AI detection software proliferated rapidly after the public release of ChatGPT in November 2022. By early 2023, major educational technology vendors had deployed detection products. Documentation of the tools' unreliability began appearing in academic papers and journalism within months, with the bias against non-native English speakers being the most extensively studied failure mode.
Algorithmic bias as systematic harm. Detection tools systematically misidentify writing from non-native English speakers and students with unusually formal styles as AI-generated.
Institutional liability over student welfare. The tools' deployment was driven by institutional risk management rather than evidence of efficacy or student benefit.
Safety theater diagnosis. The tools performed the appearance of addressing AI in schools while producing harms that exceeded the problem they addressed.
Process over detection. The Skenazy alternative is assessment reform — grading questions rather than essays, designing assignments resistant to uncritical AI use, treating AI engagement as subject to educational scaffolding rather than algorithmic surveillance.
Defenders of AI detection argue that some tool is needed to preserve academic integrity, and that the alternatives (assessment reform, honor codes) are either inadequate or require resources most institutions cannot muster. The Skenazy-adjacent response is that flawed tools are worse than imperfect alternatives, because the tools produce specific harms to specific students while failing at their stated purpose.
The technical case against AI detection software is decisive: the tools were unreliable (80% right), systematically biased (90% right), and deployed without adequate procedural protections (100% right). The Skenazy diagnosis of safety theater is accurate when the question is "did these specific tools work as advertised?" They did not. The harms to falsely accused students were real, measurable, and fell along predictable demographic lines.

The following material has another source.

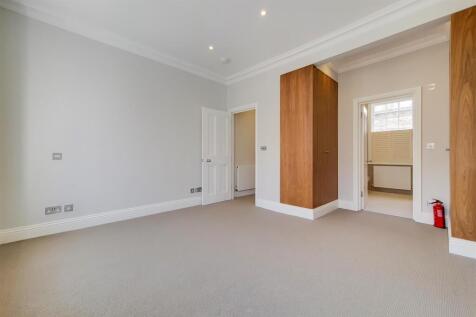 10. Main Bedroom 1.jpg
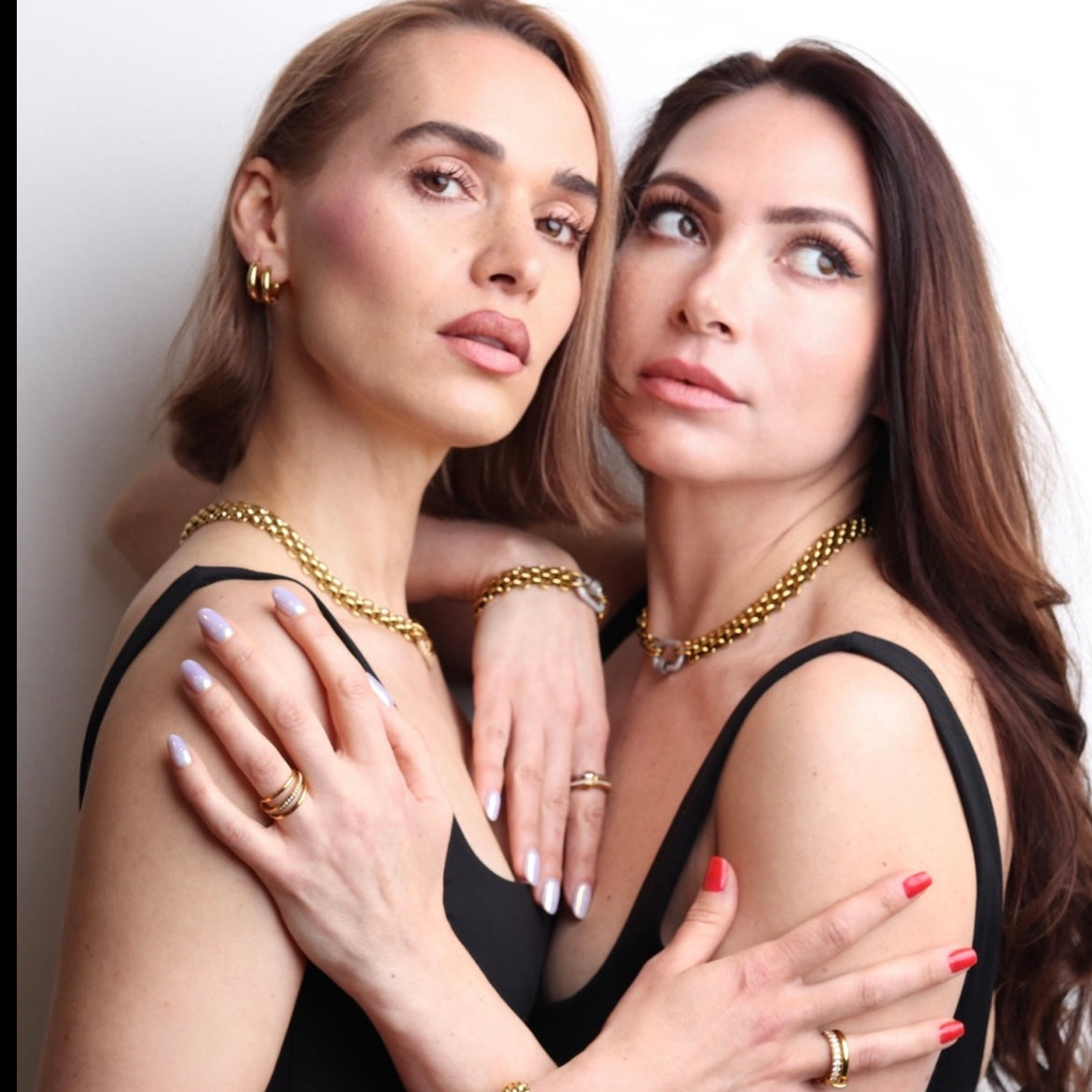 Collier chaîne doré tendance porté en duo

But the institutional necessity claim shifts the question to "what maintains academic standards when detection fails?" Here the weighting reverses. Assessment reform is the right answer in principle (100% right as goal), but institutions' actual capacity to execute it at speed is limited (perhaps 40% adequate in practice by 2026). The gap between ideal and implementation is not Skenazy's concern — her framework addresses the harms of the tool that exists, not the harms of the tool's absence. But for institutions, the gap is the whole problem. The choice is not between flawed detection and good assessment; it is between flawed detection and no mechanism at all.
The synthesis the topic requires is temporal: AI detection software was the wrong tool, correctly abandoned, whose failure clarifies the real work. That work is not choosing between detection and reform but building institutional capacity for a new baseline: assignments that engage AI as material rather than forbid it as contamination, assessment that measures intellectual process rather than textual output, and standards that distinguish between AI use and AI dependence. Detection's collapse was necessary. What comes next is the actual question, and neither Skenazy's critique nor the institutional defense answer it. The answer is being built, slowly, by the faculty willing to redesign their courses from scratch.